Superior court judge Tina Reigh was not impressed by the thuggish talk but allowed the arraignment to proceed.
Johnson was arrested Thursday, but not till after he brawled with a handful of law enforcement officers at his mother’s home in HUD. Trooper Young, DPD chief Dan Pasquariello and officer Craig Maines, plus wildlife trooper Joe Wittkop and probation officer Rex Spofford all went to pick up Johnson in connection with the Manokotak assault. Johnson was high on meth, and before he was finally handcuffed he had allegedly bit both Young and Pasquariello, smashed Pasquariello’s hand in the door, broke Young’s glasses, and punched Maines in the face.
A few hours later Pasquariello received a call from the jail. “We have an issue with one of the inmates,” the dispatcher said.
Johnson had punched the window out of his cell, Young said in a sworn affidavit.
Based on prior assault convictions, the young man racked up four felony assault charges for fighting with the officers.

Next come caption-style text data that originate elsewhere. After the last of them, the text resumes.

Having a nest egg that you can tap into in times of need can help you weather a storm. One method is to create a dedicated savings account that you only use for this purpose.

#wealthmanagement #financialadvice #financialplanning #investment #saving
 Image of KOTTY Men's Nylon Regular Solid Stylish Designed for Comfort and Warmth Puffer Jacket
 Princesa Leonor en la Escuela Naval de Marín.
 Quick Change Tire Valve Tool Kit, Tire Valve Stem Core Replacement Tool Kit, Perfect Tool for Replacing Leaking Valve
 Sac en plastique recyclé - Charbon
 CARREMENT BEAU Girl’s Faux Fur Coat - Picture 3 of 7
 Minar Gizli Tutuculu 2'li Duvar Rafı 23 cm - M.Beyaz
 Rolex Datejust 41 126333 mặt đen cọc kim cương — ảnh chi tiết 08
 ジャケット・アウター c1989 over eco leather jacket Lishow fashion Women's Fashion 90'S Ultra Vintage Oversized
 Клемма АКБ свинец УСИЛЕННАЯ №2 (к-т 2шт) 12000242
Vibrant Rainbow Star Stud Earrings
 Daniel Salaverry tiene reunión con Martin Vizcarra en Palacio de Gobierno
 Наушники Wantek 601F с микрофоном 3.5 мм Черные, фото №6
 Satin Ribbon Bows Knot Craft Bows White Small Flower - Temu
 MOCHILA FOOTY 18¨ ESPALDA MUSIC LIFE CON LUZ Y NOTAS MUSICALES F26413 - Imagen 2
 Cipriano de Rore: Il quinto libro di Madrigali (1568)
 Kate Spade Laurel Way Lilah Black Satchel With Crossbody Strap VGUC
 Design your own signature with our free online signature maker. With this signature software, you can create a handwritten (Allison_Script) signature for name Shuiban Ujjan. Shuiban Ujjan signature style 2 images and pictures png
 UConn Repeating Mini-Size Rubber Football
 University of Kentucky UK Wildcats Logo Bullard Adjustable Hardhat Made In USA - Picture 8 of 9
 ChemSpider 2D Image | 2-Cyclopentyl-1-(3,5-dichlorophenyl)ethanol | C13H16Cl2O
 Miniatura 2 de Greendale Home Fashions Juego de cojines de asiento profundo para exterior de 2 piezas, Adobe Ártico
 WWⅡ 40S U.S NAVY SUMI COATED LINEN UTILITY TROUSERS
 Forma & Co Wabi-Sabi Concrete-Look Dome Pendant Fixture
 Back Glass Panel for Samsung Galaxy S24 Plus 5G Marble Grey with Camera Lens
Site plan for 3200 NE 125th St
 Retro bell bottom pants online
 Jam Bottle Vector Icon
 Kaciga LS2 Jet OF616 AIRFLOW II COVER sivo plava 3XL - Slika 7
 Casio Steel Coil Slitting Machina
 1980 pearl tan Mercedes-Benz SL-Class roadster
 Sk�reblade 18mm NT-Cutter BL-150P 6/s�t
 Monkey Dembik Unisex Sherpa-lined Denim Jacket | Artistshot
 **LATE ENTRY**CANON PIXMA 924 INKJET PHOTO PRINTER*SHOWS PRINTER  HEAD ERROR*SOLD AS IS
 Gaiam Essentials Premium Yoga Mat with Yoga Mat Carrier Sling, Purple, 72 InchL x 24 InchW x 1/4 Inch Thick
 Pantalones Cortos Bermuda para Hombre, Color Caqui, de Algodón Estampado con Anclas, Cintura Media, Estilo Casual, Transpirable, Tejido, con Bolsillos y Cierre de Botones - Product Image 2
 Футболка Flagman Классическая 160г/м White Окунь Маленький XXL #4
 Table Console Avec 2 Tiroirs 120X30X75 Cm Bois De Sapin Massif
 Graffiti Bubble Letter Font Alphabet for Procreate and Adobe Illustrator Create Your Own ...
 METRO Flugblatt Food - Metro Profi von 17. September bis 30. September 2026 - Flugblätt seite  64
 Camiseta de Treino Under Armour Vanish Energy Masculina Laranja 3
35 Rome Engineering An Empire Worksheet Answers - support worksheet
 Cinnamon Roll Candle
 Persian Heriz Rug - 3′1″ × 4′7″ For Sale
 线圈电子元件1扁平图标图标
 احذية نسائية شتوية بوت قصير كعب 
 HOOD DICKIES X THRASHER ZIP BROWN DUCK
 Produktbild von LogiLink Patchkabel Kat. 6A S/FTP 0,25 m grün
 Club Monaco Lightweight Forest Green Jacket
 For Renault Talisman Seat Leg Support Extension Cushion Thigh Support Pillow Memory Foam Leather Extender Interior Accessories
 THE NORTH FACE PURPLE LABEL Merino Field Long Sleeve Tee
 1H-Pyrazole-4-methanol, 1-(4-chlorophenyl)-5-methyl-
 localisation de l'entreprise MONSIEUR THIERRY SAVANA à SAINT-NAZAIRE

He is also facing a more serious second degree assault charge from an incident on October 20 in Manokotak, which Young investigated. Johnson was in the village allegedly “selling alcohol door-to-door,” and the victim, a 26-year-old man, let Johnson and his girlfriend Josephine Decker stay at his house. There’s some confusion over what triggered the attack (either missing money or an unwanted pass at Decker, depending on whose version is believed), but the Manokotak man was choked and beaten over the head with a piece of lumber. Five days later Young still found plenty of visible wounds on the victim, and blood spattered on the walls. “The strangulation and choking came from Reece, and getting hit was done by Josephine,” he wrote.
Reece Johnson has a troubling criminal history. In the past two years alone he has shot a man and helped steal more than a dozen firearms, but a less-than-vigorous prosecution and Senate Bill 91 have allowed him to stay mostly out of jail.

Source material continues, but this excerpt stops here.